Hay una escena clave en la película Contacto (1997), basada en el libro de Carl Sagan, en la que una astrónoma (Jodie Foster) que acaba de detectar la primera señal de vida extraterrestre es interrogada por un comité internacional. Le preguntan qué le gustaría saber de los alienígenas si pudiera hacerles una sola pregunta. Su respuesta: “¿Cómo hicieron para atravesar su adolescencia tecnológica sin destruirse a sí mismos?”
Con este párrafo abre el nuevo ensayo de Dario Amodei, CEO de Anthropic (Claude), rival del ChatGPT de OpenAI. The Adolescence of Technology es el nombre del extenso texto que el tecnólogo acaba de publicar, en el que reflexiona sobre la madurez de la civilización y su posibilidad (o no) de absorber el avance de la tecnología. “La humanidad está a punto de recibir un poder casi inimaginable y no está nada claro que nuestros sistemas sociales, políticos y tecnológicos tengan la madurez necesaria para ejercerlo”, advierte.
Amodei usa una metáfora que se volvió viral en pocos días en el mundo tecnológico: la llegada de la IA avanzada (a la cual define en detalle y pronostica para 2027) equivale a crear “un país con 50 millones de genios dentro de un centro de datos”. Millones de inteligencias más capaces que cualquier Premio Nobel, operando entre diez y cien veces más rápido que un humano, con acceso a internet, sistemas financieros, laboratorios, robots y más. “La generación actual de IA ya escribe gran parte del código necesario para construir la siguiente”, escribe Amodei. Ese bucle de retroalimentación, IA creando IA, es lo que vuelve tan vertiginoso este momento histórico.

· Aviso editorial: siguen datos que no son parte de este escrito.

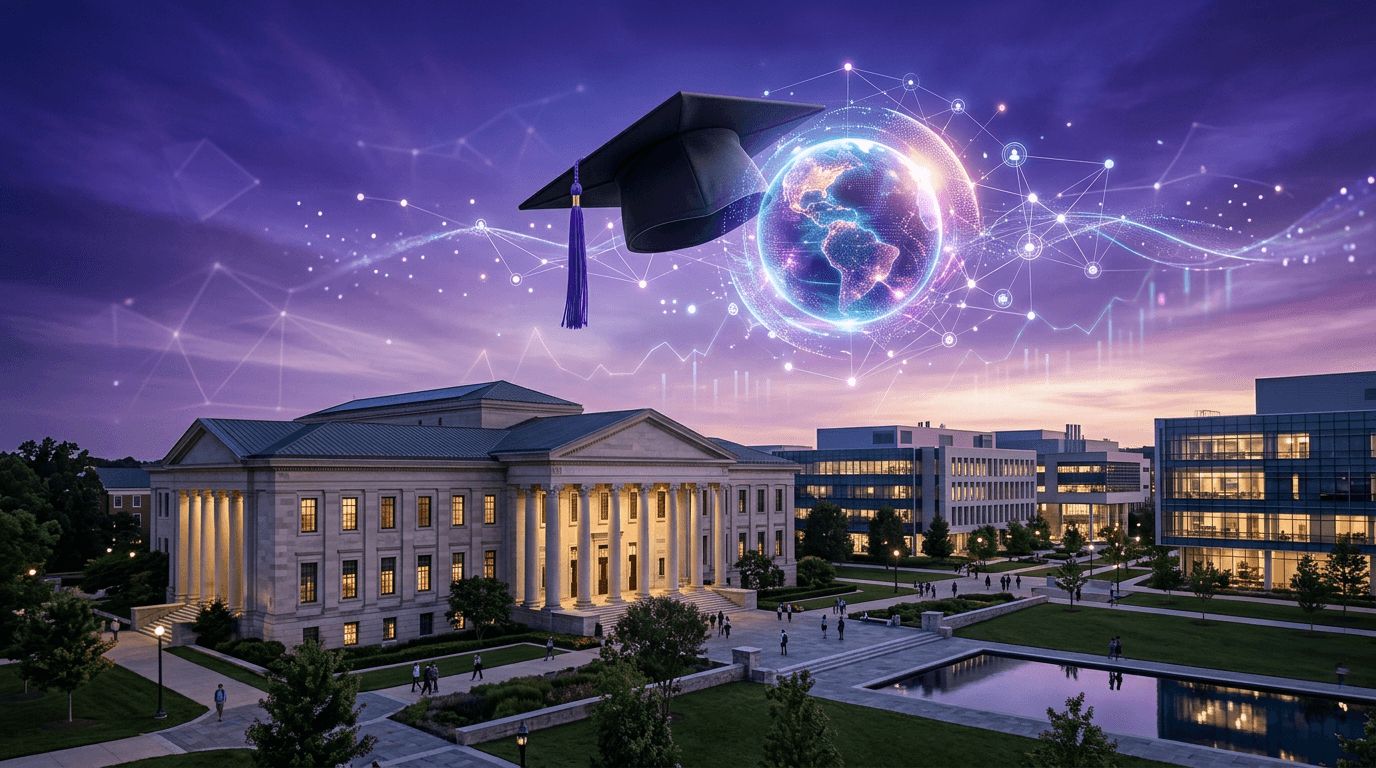 Top 10 Best Universities in Spring Hill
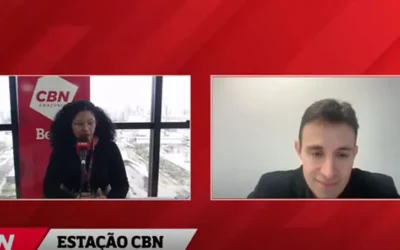 Entrevista com o Dr. Gabriel Variane, Fundador da PBSF sobre a Campanha Setembro Verde Esperança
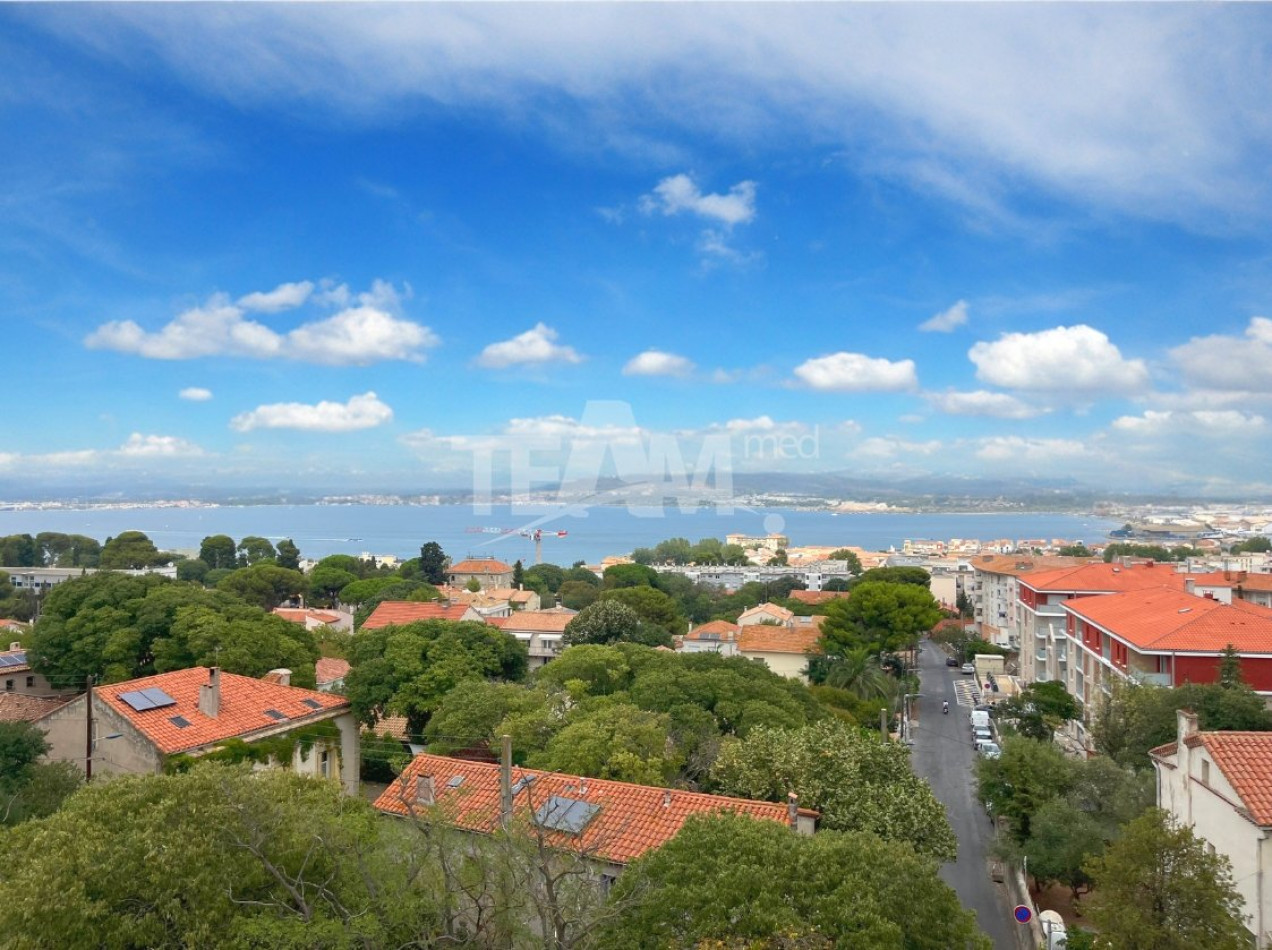 vente Appartement Sete - Photo 2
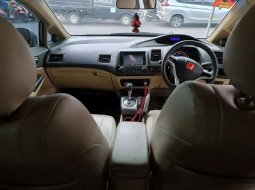 Jawa Timur, jual mobil Honda Civic 2008 dengan harga terjangkau 4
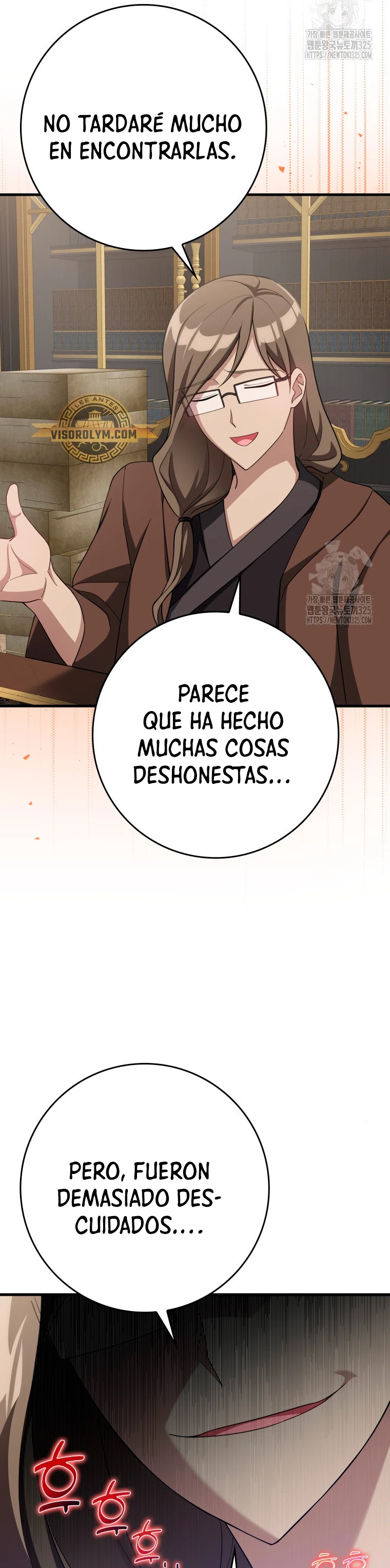 Jugador de nivel máximo > Capitulo 48 > Page 491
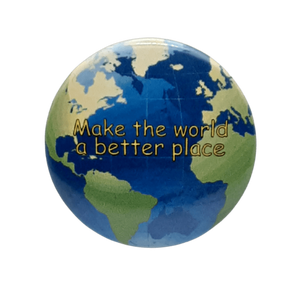 World a Better Place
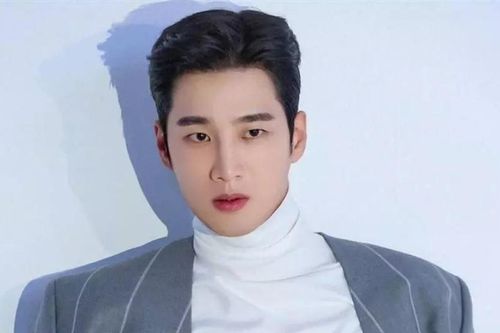 Ahn Bo Hyun: Từng là nhà vô địch quyền anh trước khi trở thành tài tử đình đám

El ensayo trabaja sobre cinco peligros en los que, dice, deberíamos estar trabajando los humanos hoy: la posible amplificación de la destrucción, autoritarismo potenciado por IA, riesgos por autonomía, disrupción económica y efectos indirectos desestabilizadores. Amodei no propone frenar la tecnología, algo inviable, ni rendirse al miedo. Propone algo más difícil: crecer como civilización. Ahora bien: ¿qué hicimos la mayoría de los usuarios de LLM (grandes modelos de lenguaje) esta semana en la que Amodei publicó estas 20.000 palabras trascendentales? Le pedimos a ChatGPT “Crea una caricatura de mí y de mi trabajo basándote en todo lo que sabes sobre mí” y le subimos nuestras fotos para que Sam Altman siga entrenando su modelo gratis.
La adolescencia es una etapa incómoda: impulsiva, despareja, llena de errores. Pero también es el momento en el que se forma el carácter. La inteligencia artificial no nos está evaluando por nuestra inteligencia. Nos está poniendo frente a una prueba mucho más exigente: nuestra madurez. Leer el ensayo de Amodei lleva una hora con 45 minutos. Hacer la caricatura vanidosa de moda con ChatGPT menos de dos minutos. ¿Por cuál vas?